Reproduce the listing that follows word for word, without its pictures.

• **Given data**:
= = = =

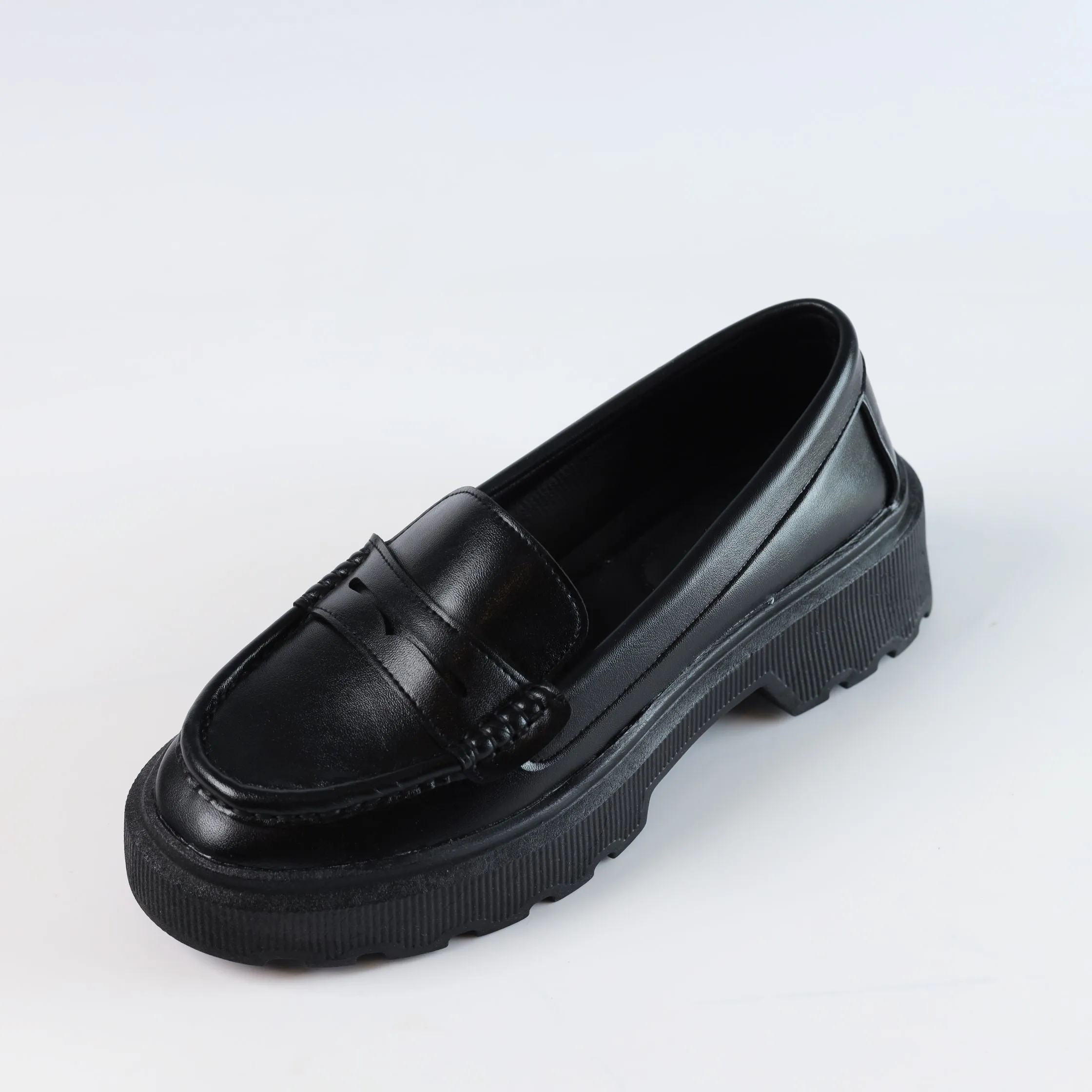 Quality Leather Chunky Loafers - Black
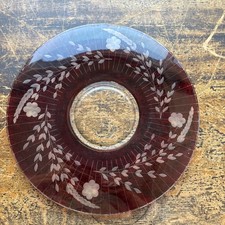 RUBY RED Glass Cut to Clear Etched Serving Plate 14.25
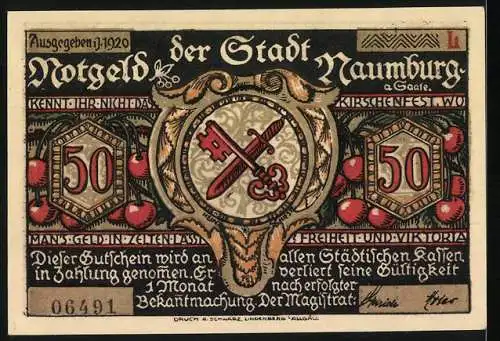 Notgeld Naumburg 1920, 50 Pfennig, Stadtwappen mit Schlüssel und Zitat auf Rückseite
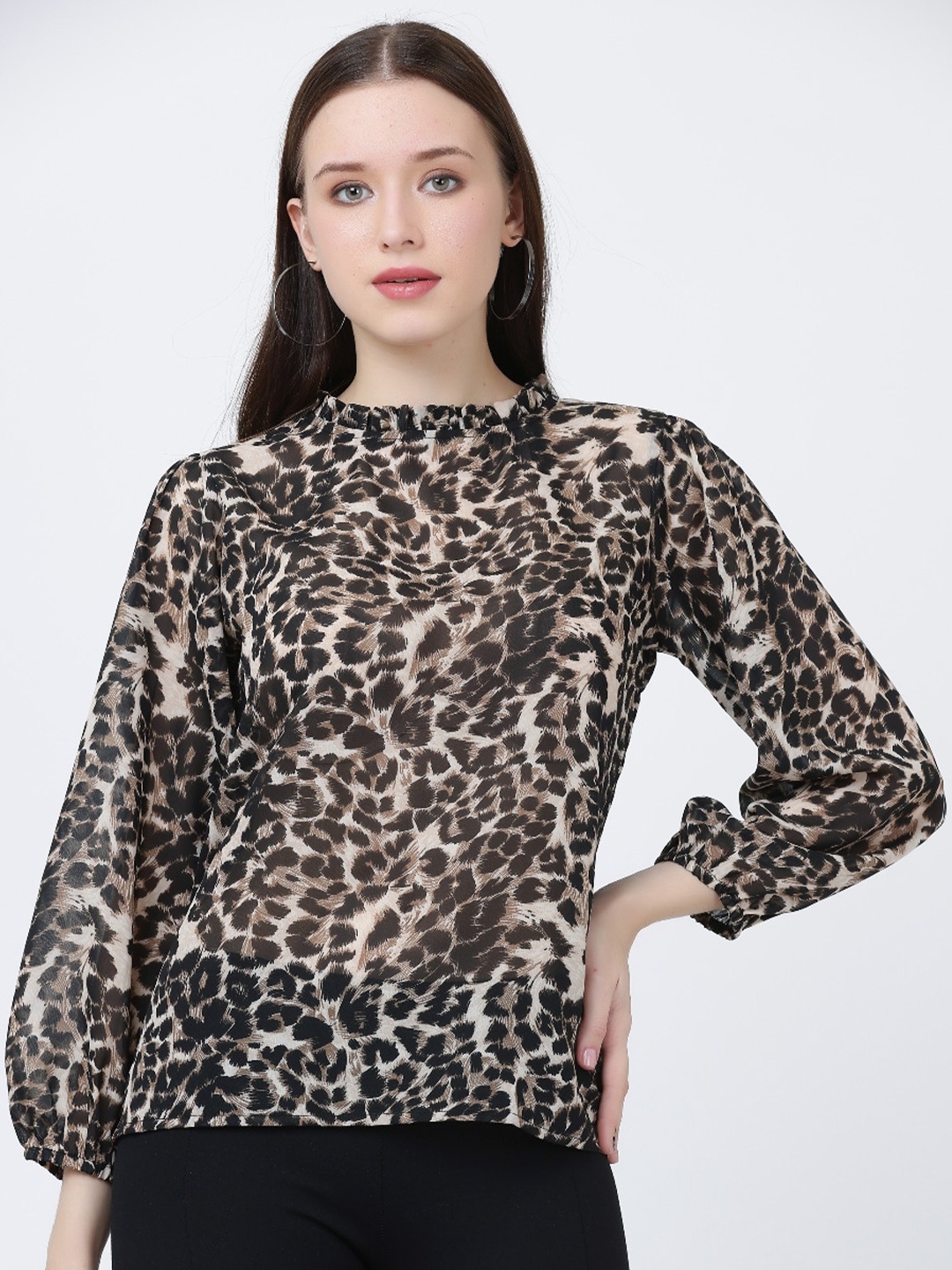 

GRACIT Animal Printed Round Neck Puff Sleeves Crepe Top, Black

= = = =

• **Answer section**:
 Quality Leather Chunky Loafers - Black
 RUBY RED Glass Cut to Clear Etched Serving Plate 14.25
 Notgeld Naumburg 1920, 50 Pfennig, Stadtwappen mit Schlüssel und Zitat auf Rückseite

GRACIT Animal Printed Round Neck Puff Sleeves Crepe Top, Black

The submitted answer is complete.